What is being asked =
Apart from the images, the records below need to be copied exactly.

#### Provided records

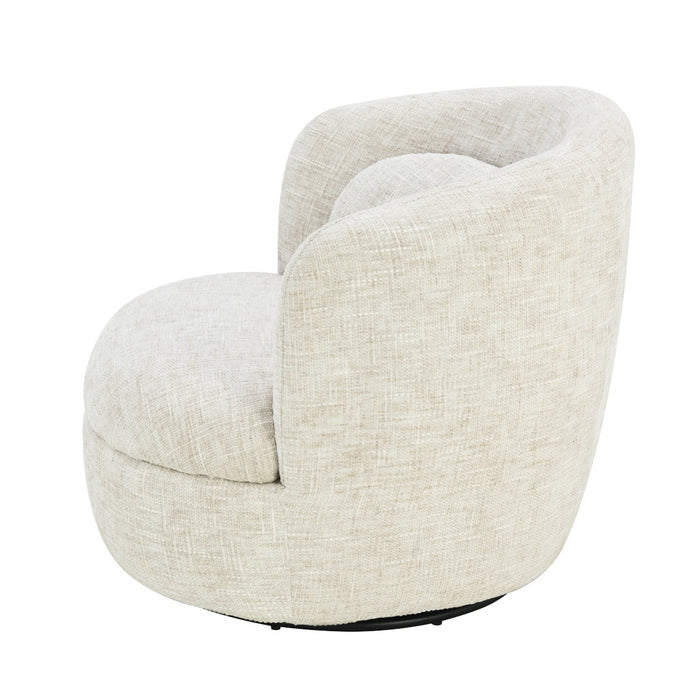 Livingfurn - Fauteuil Britt Cream - 85x84x76cm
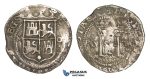 ZM81, Mexico, Carlos & Johanna, 4 Reales ND (ca. 155?-1557) Mo O, Mexico City, Silver (13.19g) VF (some corrosion)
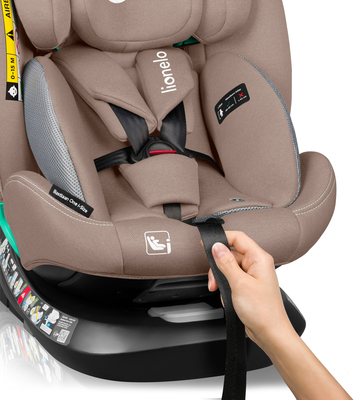 Lionelo Bastiaan One I-size Bilstol, Beige Sand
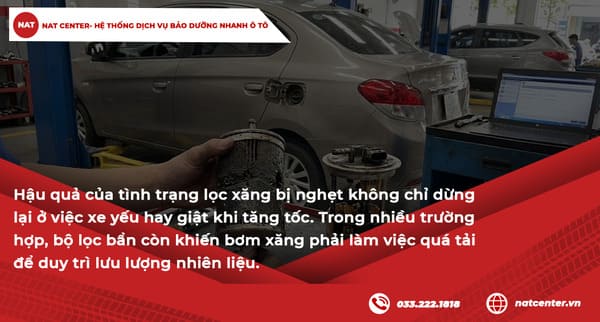 Hậu quả lọc xăng Mitsubishi Attrage bị nghẹt 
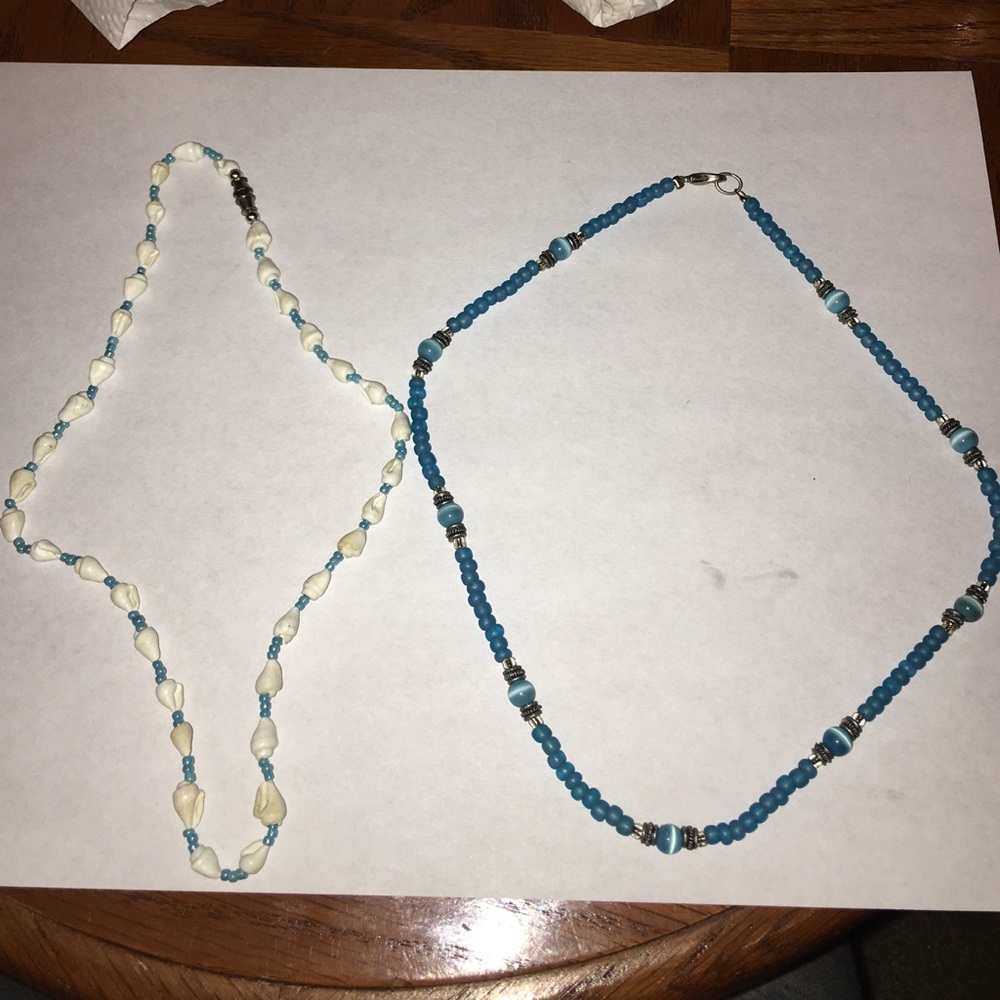 Two Hawaiian necklaces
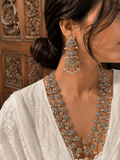 Feroza Jadau Long Necklace Set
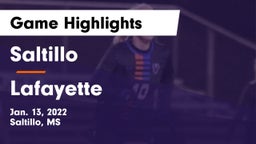 Saltillo  vs Lafayette  Game Highlights - Jan. 13, 2022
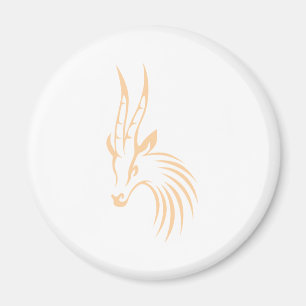 Imán El Gazelle de Thomson en estilo del dibujo del
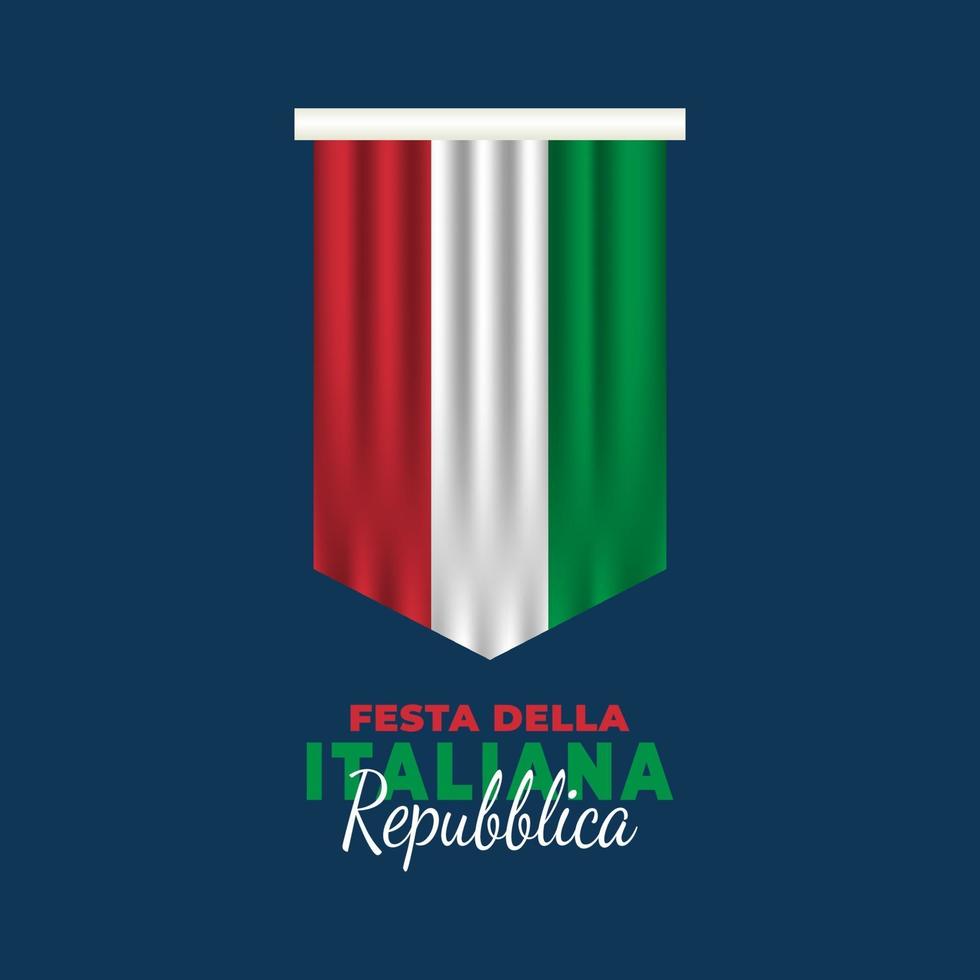 pôster do dia da república italiana vetor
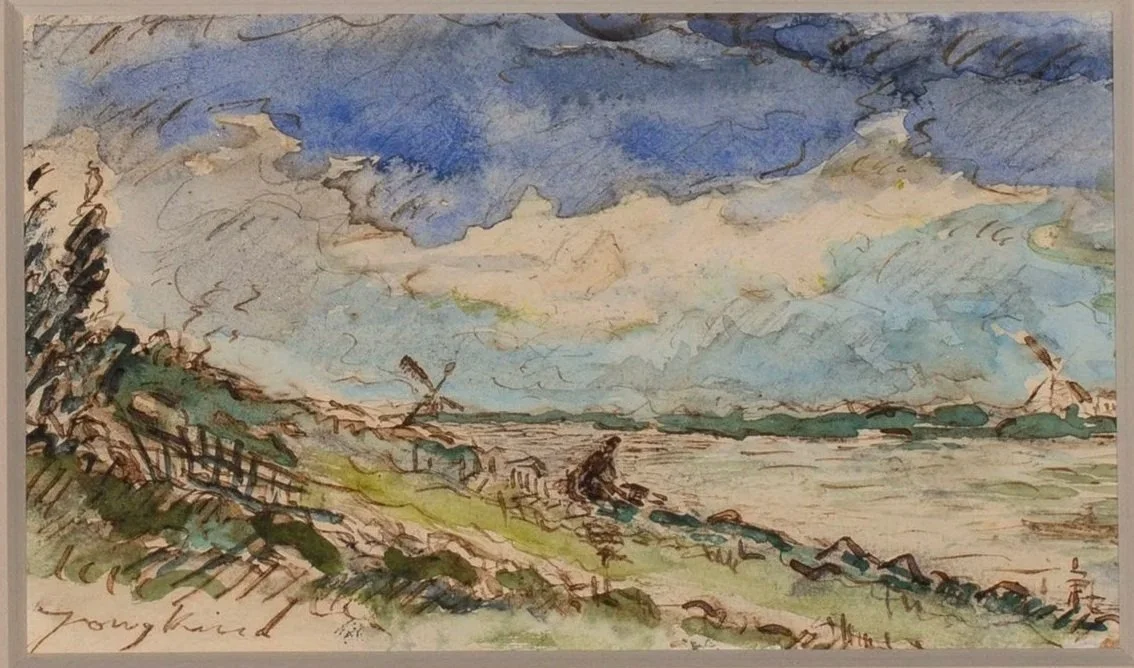 Johan Barthold Jongkind River Landscape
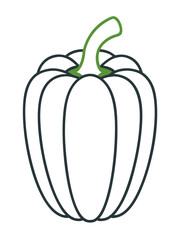 Line art of a bell peppers
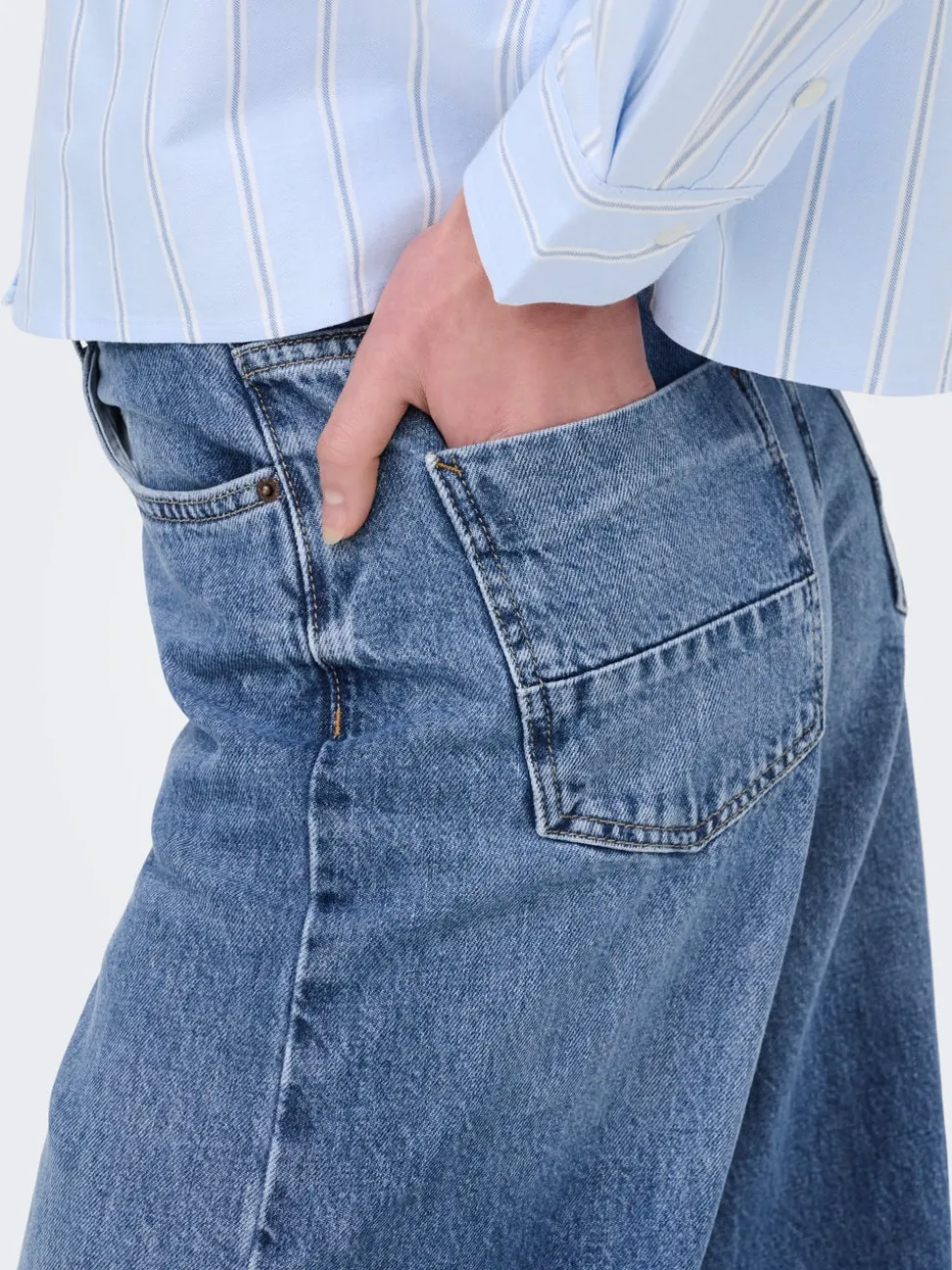 ONLHOPE Taille haute Wide Leg Fit Jeans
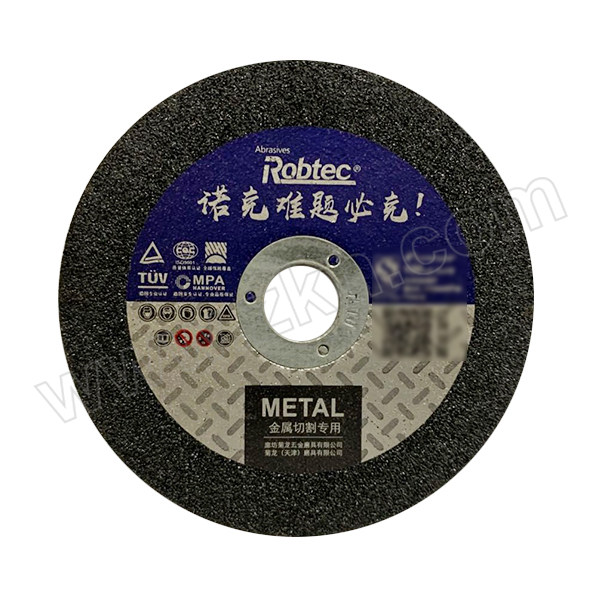 ROBTEC/菊龙诺克 诺克T41黑色单网金属切割片 100×2.5×16 标准型 1片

########

Exercise response =
 Livingfurn - Fauteuil Britt Cream - 85x84x76cm
 ZM81, Mexico, Carlos & Johanna, 4 Reales ND (ca. 155?-1557) Mo O, Mexico City, Silver (13.19g) VF (some corrosion)
 Lionelo Bastiaan One I-size Bilstol, Beige Sand
 Hậu quả lọc xăng Mitsubishi Attrage bị nghẹt 
 Two Hawaiian necklaces
 Feroza Jadau Long Necklace Set
 Saltillo  vs Lafayette  Game Highlights - Jan. 13, 2022
 Imán El Gazelle de Thomson en estilo del dibujo del
 pôster do dia da república italiana vetor
 Johan Barthold Jongkind River Landscape
 Line art of a bell peppers
 ONLHOPE Taille haute Wide Leg Fit Jeans
 ROBTEC/菊龙诺克 诺克T41黑色单网金属切割片 100×2.5×16 标准型 1片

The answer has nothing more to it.